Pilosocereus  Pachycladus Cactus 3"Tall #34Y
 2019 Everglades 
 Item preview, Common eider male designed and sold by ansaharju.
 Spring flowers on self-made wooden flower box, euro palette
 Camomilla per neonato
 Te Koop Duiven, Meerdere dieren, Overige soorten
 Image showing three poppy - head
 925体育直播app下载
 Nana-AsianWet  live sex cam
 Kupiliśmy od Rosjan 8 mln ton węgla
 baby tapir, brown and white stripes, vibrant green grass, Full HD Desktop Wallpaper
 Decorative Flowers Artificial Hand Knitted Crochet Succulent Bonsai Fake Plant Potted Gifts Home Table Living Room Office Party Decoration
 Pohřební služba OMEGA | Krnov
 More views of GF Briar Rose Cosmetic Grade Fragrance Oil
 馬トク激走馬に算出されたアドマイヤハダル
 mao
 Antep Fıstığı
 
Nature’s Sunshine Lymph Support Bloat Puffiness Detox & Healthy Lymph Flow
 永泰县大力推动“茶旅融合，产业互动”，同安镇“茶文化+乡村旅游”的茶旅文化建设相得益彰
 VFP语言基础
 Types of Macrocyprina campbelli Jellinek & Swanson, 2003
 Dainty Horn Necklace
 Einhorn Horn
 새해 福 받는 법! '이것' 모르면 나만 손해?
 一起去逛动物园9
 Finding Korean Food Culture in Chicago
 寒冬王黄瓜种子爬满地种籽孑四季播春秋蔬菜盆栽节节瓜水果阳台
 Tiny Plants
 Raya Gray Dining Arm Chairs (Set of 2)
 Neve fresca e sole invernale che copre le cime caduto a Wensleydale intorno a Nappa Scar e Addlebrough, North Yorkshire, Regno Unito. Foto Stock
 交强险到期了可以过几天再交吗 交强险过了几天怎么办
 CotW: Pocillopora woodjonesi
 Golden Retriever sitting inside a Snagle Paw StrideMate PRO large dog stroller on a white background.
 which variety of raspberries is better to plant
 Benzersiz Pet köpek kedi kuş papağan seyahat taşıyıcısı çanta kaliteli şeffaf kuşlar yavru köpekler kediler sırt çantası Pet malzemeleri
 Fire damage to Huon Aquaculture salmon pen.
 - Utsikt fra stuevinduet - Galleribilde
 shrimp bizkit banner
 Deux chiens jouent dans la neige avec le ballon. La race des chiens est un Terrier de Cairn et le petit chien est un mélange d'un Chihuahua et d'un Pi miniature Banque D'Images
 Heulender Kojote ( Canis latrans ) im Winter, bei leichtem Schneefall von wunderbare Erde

* **What you are asked to do**
With the entries above as the source, set down exactly the lines from the one holding "寒冬王黄瓜种子爬满地种籽孑四季播春秋蔬菜盆栽节节瓜水果阳台" through the last line, both ends included.

* **Result for this task**
 寒冬王黄瓜种子爬满地种籽孑四季播春秋蔬菜盆栽节节瓜水果阳台
 Tiny Plants
 Raya Gray Dining Arm Chairs (Set of 2)
 Neve fresca e sole invernale che copre le cime caduto a Wensleydale intorno a Nappa Scar e Addlebrough, North Yorkshire, Regno Unito. Foto Stock
 交强险到期了可以过几天再交吗 交强险过了几天怎么办
 CotW: Pocillopora woodjonesi
 Golden Retriever sitting inside a Snagle Paw StrideMate PRO large dog stroller on a white background.
 which variety of raspberries is better to plant
 Benzersiz Pet köpek kedi kuş papağan seyahat taşıyıcısı çanta kaliteli şeffaf kuşlar yavru köpekler kediler sırt çantası Pet malzemeleri
 Fire damage to Huon Aquaculture salmon pen.
 - Utsikt fra stuevinduet - Galleribilde
 shrimp bizkit banner
 Deux chiens jouent dans la neige avec le ballon. La race des chiens est un Terrier de Cairn et le petit chien est un mélange d'un Chihuahua et d'un Pi miniature Banque D'Images
 Heulender Kojote ( Canis latrans ) im Winter, bei leichtem Schneefall von wunderbare Erde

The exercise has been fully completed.